## To do
Having located the line with "ST. GOARSHAUSEN, DIE", repeat it and all remaining lines of the records exactly. Pictures do not belong in the answer.

Captioned web images:
========
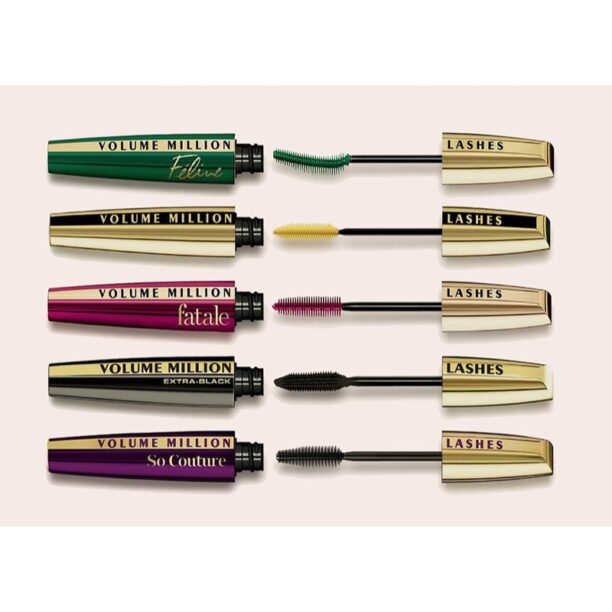 Cumpăra L’Oréal Paris Volume Million Lashes mascara cu efect de volum culoare Black  10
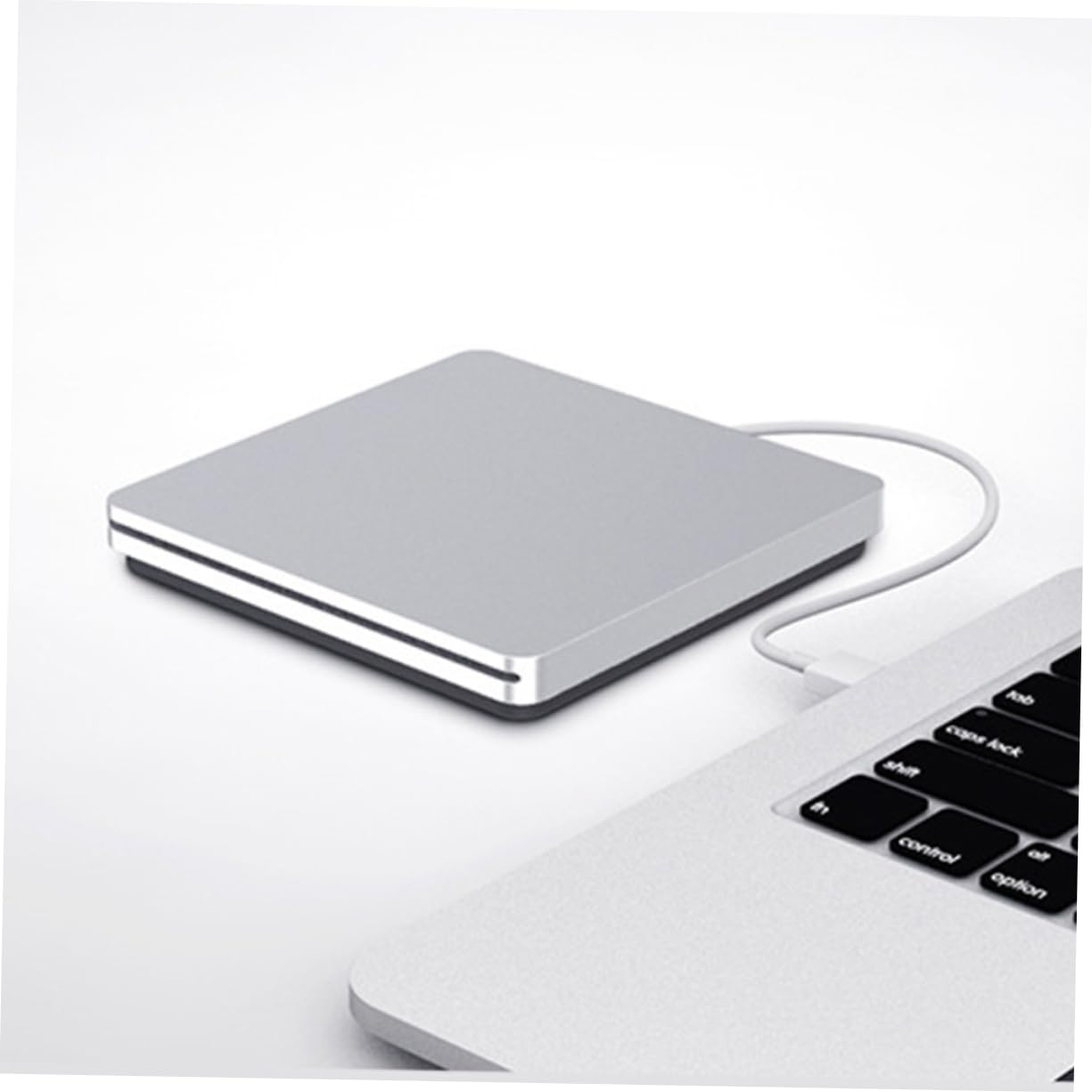 Artibetter Grabadora de DVD ROM USB 3.0 Externa para Computadora, Velocidad 8X, Adecuado para Instalación de Sistema y Reproducción en Hogar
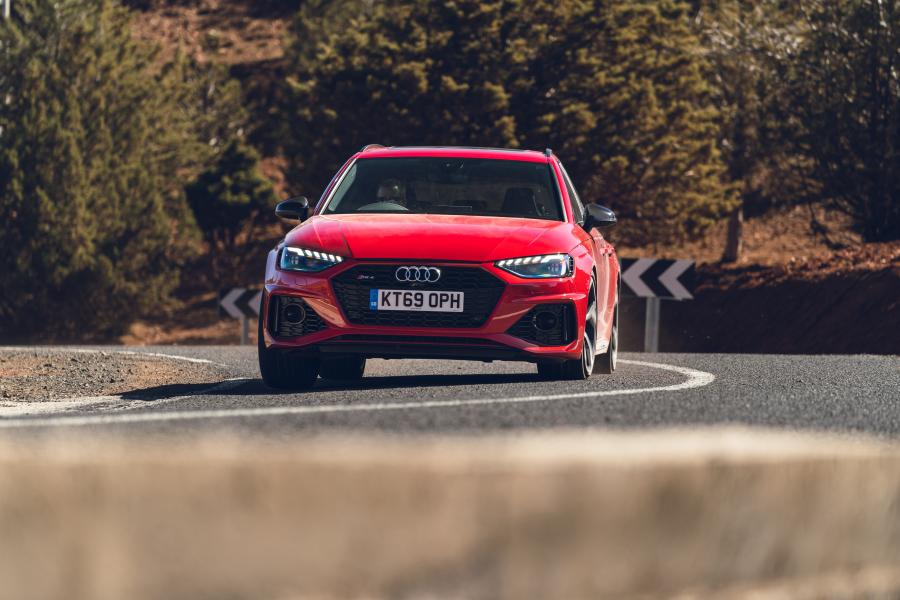  Audi RS4 Avant (B9) 2020 года  (UK) (фото 29 из 80)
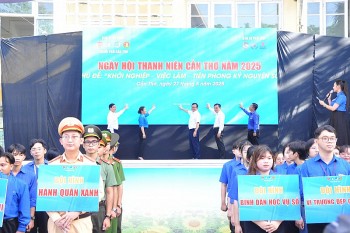 Ngày hội Thanh niên Cần Thơ 2025: Thắp lửa khởi nghiệp, tiên phong chuyển đổi số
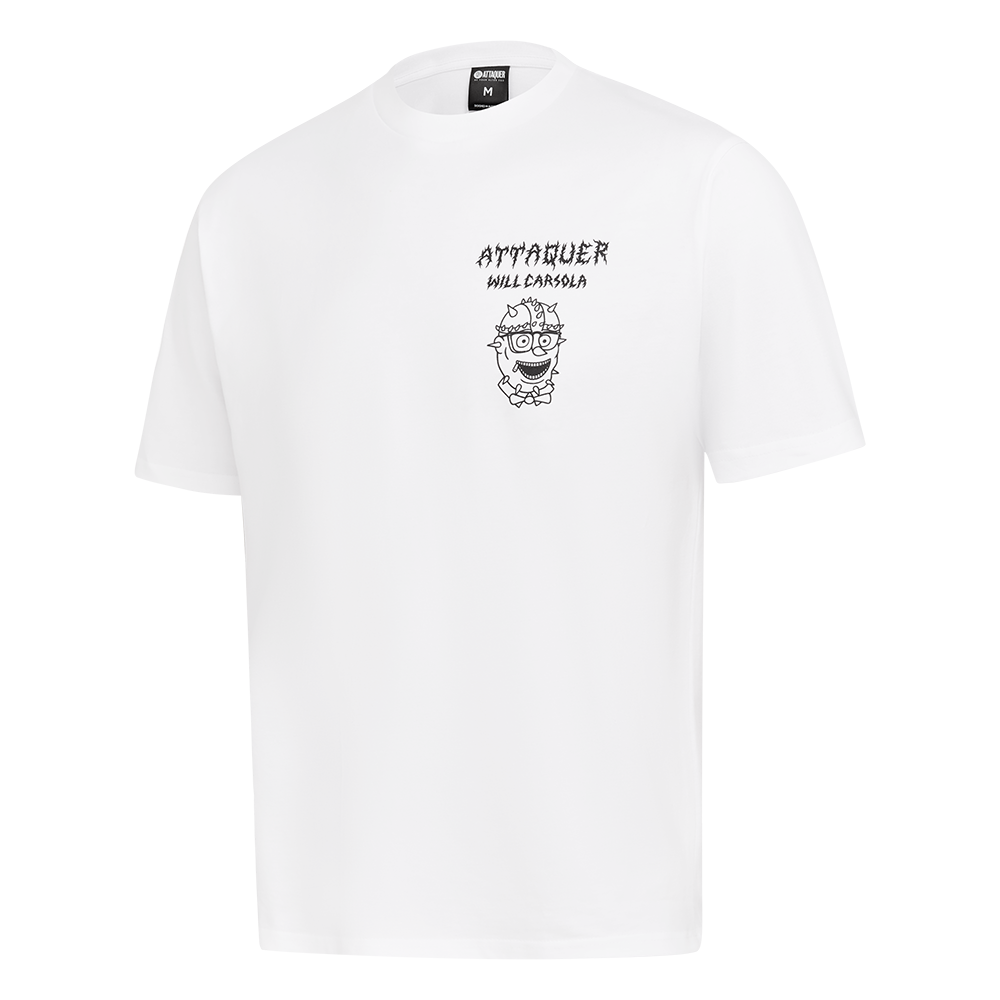 Attaquer x Will Carsola Brainiac T-Shirt White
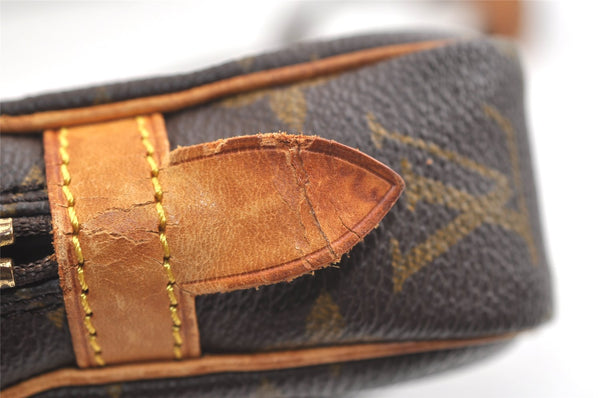 Auth Louis Vuitton Monogram Marly Bandouliere Shoulder Cross Bag M51828 LV 4147K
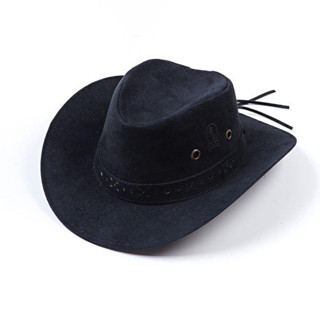 Chapéu Cowboy Americano Modelo Camurça Barretos Country Boiadeiro Vaqueiro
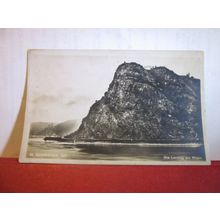 ST. GOARSHAUSEN, DIE LORELEY RHEIN, GERMANY unused vintage postcard =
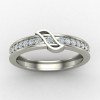 Geometric Silver Band Ring Geometric Silver Band Ring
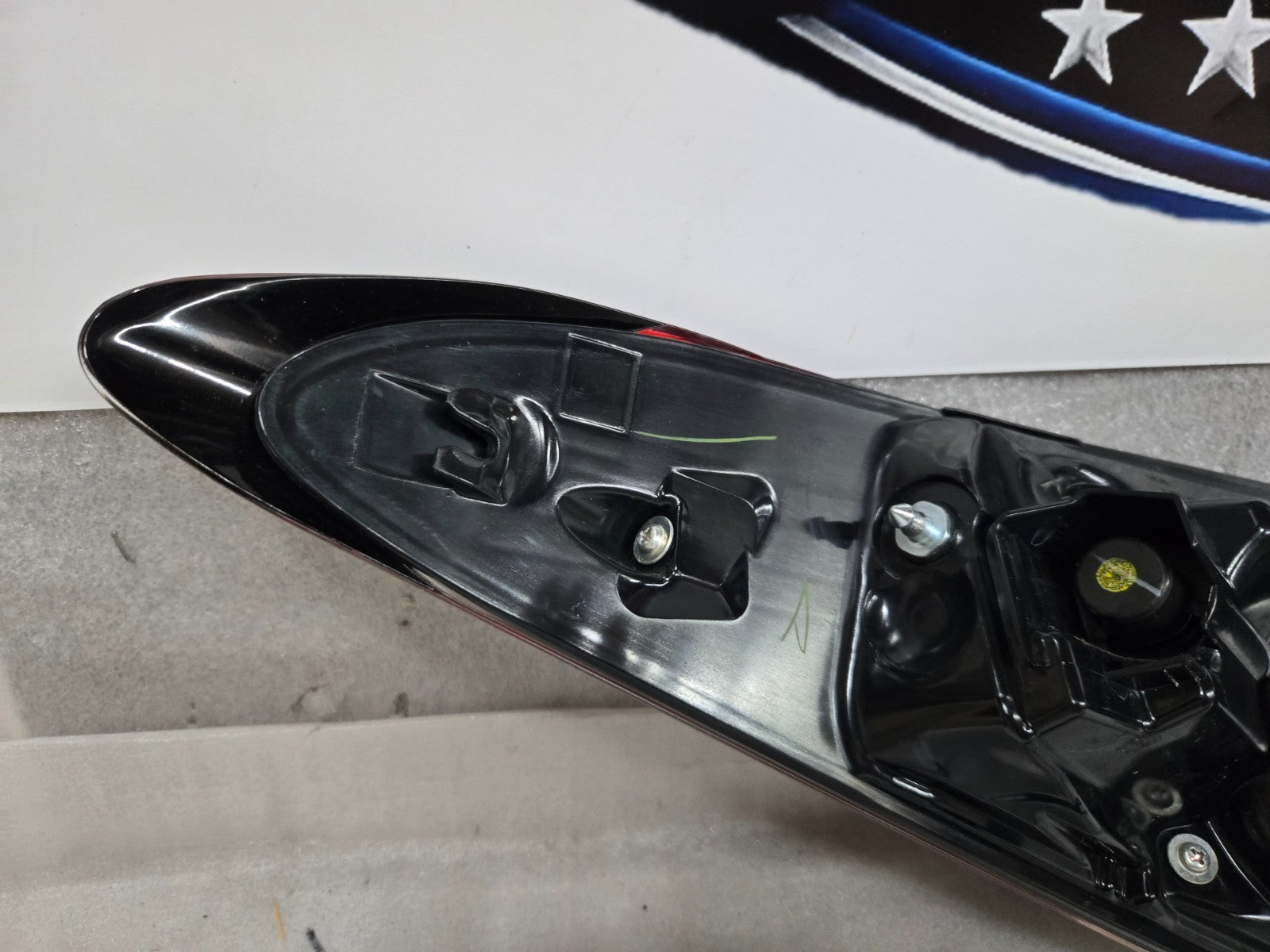2021 2022 2023 Toyota Camry XSE Smoke LED Tail Light Right RH Passenger OEM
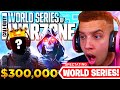 Spectating the $300,000 WORLD SERIES OF WARZONE TOURNAMENT! 🏆 (Best Warzone Players)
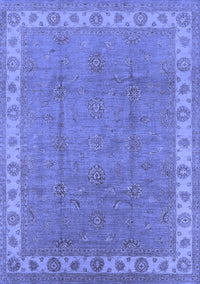 Oriental Blue Traditional Rug, urb981blu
========
## Response below
 ST. GOARSHAUSEN, DIE LORELEY RHEIN, GERMANY unused vintage postcard =
 Geometric Silver Band Ring Geometric Silver Band Ring
2021 2022 2023 Toyota Camry XSE Smoke LED Tail Light Right RH Passenger OEM
 Spectating the $300,000 WORLD SERIES OF WARZONE TOURNAMENT! 🏆 (Best Warzone Players)
 Oriental Blue Traditional Rug, urb981blu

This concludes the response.